As for mashed turnips, for our life, when each is excellent of its kind, we might not decide whether the palm should be awarded to the white or the yellow; but perhaps on your plate, with the butter-mixed bloodiness of steak, cutlet, or mere slice of rump, to a nicety underdone, both are best-a most sympathetic mixture, in which the peculiar taste of each is intensely elicited, while a new flavour, or absolute tertium quid, is impressed upon the palate, which, for the nonce, is not only invigorated, but refined.

The devouring we submit to the imagination. The edible has disappeared like snow after a night's thaw. Not cleaner of all obstruction is the besom-swept transparent board itself, now lying bare in the moonlight, along the lucid rink from tee to tee, beautifully reflecting the frosty stars, than the board-erewhile so genial— round which are laughing, yea guffawing, that glorious congregation of incomparable Curlers.
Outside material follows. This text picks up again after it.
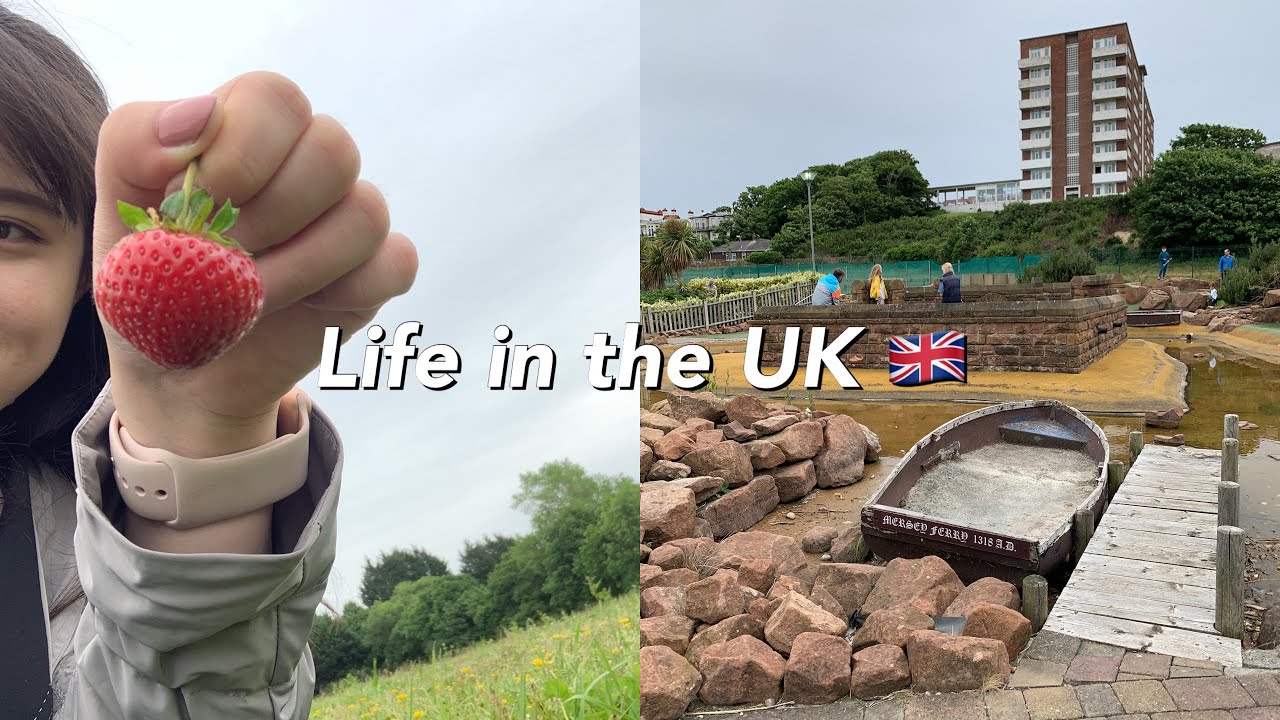 Life in Liverpool | Search for free TOPIK books online | Strawberry farm 🍓 & Mini golf in Prescot ⛳️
The sentiment of the first resolution of the Old Duddingston Curling Society breathes over all-" Resolved that to be virtuous is to reverence our God, Religion, Laws, and the King; and that we hereby do declare our reverence for, and attachment to the same." Bumper-toast follows bumper-toast in animated succession, and here is the list:

1. The King and the Curlers of Scotland.

2. The Tee-what we all aim at.
3. The Courts of Just-ice.

4. All societies in Scotland formed for

the encouragement of the noble game of Curling.

5. The societies in England, Canada, and elsewhere.

6. Our old friend, John Frost.

7. May we never come short, or prove a hog, when required to guard a friend.

8. May Curlers ever be true-soled; lovers of just-ice; and unbiassed in principle.

9. May we never be biassed by un-justice; nor repel an enemy, by inwicking a friend.

10. Curlers' wives and sweethearts. 11. A bumper to the "Land o' Cakes, and her ain game o' Curling."

12. "Channel-stones, crampets, and besoms so green."

13. Right a-board play.

14. "May Curlers ever meet merry i' the morn, and at night part friends." 15. May Curlers on life's slippery rink Frae cruel rubs be free. 16. Frosty weather, fair play, and festivity.

17. Canny skips and eident players. 18. Happy meetings after Curling. 19. Gleg ice and keen Curlers. 20. May we ne'er lie a hog when we should be at the tee.

21. A steady ee and a sure han'. 22. A han'-han player no wise behin' the ban'.

23. The ice tee before the Chinese. 24. The tee without water. 25. The pillars of the bonspiel,—rivalry and good fellowship.

26. May the blossoms of friendship never be nipt by the frost of contention. 27. May every sport prove as innocent as that which we enjoy on the ice.

28. To every ice-player well equipped. 29. When treacherous biases lead us astray, may we ever meet some friendly in-ring to guide us to the tee.

Are they not a set of noble fellows? They are; and one of the best of them all (in spite of his little peccadilloes against our friend, who will only laugh at them) is the ingenious and honourable author of Curliana, to whose volume we have been mainly indebted for this article.